Banach spaces and quotient space Let $X$ be a normed vector space, $M$ a closed subspace of $X$ such that $M$ and $X/M$ are Banach spaces. 
Any hint to prove that $X$ must be a Banach space?
 A: Though solution is very simple I'll give a refernece to the book where it is solved. See page 35 exircise 1.27 of the book Banach space theory. The basis for linear and non-linear analysis. M. Fabian, P. Habala, P. Hajek, V. Montesinos, V. Zizler. This is a must read book for Banach space theory learners.
If you drop requirement for $M$ and $X/M$ both to be Banach, then result is not true. Consider $X=c_{00}(\mathbb{N})\oplus \ell_2(\mathbb{N})$, and set $M=c_{00}(\mathbb{N})$. $X$ is not complete though $X/M\cong\ell_2(\mathbb{N})$ is complete.
A: Let $(x_n)$ be a Cauchy sequence in $X$.


*

*Show that $(x_n+M)$ is a Cauchy sequence in $X/M$. Therefore, $x_n+M \to x+M$ in $X/M$ for some $x \in X$.

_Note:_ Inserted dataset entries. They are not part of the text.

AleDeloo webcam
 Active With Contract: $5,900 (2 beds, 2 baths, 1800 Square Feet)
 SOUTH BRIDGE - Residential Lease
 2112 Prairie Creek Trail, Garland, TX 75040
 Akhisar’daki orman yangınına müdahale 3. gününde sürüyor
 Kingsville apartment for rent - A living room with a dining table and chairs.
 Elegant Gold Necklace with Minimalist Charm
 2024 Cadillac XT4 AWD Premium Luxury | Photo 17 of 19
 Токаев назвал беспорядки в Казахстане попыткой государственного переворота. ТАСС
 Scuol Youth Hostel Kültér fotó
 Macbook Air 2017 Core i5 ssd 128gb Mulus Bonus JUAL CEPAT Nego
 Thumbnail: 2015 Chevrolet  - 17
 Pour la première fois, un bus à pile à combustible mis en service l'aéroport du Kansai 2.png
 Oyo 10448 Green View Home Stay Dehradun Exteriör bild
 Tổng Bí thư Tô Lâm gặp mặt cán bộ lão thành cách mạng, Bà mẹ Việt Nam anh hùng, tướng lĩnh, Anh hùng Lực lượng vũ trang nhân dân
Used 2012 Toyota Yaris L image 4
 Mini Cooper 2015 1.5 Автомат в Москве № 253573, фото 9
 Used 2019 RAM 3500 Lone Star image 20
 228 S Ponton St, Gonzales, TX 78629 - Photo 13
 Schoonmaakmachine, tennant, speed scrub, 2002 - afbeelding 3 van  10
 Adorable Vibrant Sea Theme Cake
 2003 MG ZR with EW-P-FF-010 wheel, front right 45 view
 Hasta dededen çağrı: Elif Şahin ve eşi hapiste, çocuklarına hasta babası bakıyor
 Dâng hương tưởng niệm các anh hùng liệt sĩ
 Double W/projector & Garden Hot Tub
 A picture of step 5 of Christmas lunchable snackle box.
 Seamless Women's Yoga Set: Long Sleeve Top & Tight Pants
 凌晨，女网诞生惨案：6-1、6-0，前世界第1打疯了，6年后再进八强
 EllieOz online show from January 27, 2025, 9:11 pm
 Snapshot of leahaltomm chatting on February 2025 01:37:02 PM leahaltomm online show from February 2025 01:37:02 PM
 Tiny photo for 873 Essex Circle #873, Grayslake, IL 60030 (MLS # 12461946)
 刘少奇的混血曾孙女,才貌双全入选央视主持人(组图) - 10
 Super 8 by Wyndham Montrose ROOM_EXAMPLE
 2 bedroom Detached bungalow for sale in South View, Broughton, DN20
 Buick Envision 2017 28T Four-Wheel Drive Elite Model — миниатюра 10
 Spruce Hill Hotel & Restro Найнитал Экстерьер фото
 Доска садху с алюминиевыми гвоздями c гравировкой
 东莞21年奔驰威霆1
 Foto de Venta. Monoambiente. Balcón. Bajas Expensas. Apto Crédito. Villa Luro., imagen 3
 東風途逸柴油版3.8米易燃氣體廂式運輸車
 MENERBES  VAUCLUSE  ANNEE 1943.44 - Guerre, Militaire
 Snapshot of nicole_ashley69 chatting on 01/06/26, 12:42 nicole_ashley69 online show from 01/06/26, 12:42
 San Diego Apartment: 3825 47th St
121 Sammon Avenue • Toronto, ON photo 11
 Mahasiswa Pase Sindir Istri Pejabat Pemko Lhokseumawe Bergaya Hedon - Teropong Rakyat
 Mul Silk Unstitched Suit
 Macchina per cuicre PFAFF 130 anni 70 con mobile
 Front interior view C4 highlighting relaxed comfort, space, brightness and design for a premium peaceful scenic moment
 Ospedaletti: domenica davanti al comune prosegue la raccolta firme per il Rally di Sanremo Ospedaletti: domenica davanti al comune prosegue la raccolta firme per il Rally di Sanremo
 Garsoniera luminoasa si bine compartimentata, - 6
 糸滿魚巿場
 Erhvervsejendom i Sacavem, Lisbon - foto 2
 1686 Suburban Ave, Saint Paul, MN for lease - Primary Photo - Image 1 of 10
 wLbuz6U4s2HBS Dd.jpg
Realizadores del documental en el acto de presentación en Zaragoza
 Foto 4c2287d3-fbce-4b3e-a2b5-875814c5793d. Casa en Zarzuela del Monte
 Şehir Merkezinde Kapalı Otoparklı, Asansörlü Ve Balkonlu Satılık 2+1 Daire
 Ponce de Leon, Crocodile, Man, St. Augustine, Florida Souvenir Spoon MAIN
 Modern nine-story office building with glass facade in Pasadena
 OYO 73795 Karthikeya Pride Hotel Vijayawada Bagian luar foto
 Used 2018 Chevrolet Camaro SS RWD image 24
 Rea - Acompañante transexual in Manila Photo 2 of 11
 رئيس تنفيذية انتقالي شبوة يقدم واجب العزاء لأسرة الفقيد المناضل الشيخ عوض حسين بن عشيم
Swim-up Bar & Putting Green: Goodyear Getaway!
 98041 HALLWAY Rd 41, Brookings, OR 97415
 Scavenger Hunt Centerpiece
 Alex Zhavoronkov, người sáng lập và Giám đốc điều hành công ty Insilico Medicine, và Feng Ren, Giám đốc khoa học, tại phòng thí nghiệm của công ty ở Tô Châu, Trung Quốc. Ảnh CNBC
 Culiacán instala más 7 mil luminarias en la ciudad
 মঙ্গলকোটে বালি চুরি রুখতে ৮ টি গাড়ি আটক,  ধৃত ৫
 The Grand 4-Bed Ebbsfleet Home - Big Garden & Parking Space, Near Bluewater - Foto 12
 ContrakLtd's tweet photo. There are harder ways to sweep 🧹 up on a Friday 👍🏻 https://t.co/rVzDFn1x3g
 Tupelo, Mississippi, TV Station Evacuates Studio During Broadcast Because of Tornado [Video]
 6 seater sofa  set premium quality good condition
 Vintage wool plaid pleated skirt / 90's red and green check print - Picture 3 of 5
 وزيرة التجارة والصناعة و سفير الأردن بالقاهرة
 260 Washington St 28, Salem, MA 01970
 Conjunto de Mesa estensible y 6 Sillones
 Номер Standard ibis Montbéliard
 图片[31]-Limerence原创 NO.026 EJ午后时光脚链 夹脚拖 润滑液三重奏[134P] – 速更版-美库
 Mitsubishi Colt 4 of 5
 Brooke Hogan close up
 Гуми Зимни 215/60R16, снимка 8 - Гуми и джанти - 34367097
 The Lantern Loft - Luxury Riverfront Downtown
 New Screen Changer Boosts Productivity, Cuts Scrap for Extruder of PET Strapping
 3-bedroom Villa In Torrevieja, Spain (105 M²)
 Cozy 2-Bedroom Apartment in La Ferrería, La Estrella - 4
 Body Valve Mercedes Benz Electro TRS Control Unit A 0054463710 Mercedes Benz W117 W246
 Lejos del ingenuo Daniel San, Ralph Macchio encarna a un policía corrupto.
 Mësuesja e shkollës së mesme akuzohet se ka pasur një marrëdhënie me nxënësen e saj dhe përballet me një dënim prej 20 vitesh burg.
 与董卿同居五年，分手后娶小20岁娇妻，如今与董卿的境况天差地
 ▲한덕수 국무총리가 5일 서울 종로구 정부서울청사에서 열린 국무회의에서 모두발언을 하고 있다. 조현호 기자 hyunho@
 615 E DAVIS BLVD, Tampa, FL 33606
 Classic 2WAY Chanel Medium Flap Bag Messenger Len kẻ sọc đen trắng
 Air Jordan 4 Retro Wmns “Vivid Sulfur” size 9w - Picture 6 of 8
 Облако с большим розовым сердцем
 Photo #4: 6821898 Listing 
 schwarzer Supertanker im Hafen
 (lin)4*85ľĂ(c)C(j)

*Let $m_n \in M$ such that $||x_n-x+M|| \leq ||x_n-x+m_n|| \leq ||x_n-x+M||+ \epsilon$. Show that $(m_n)$ is a Cauchy sequence in $M$. Therefore, there exists $m \in M$ such that $m_n \to m$.

*Show that $x_n \to x+m$.


Remark: The norm on $X/M$ I used is $|| \cdot  || : x \mapsto \inf\limits_{m \in M} ||x+m||$.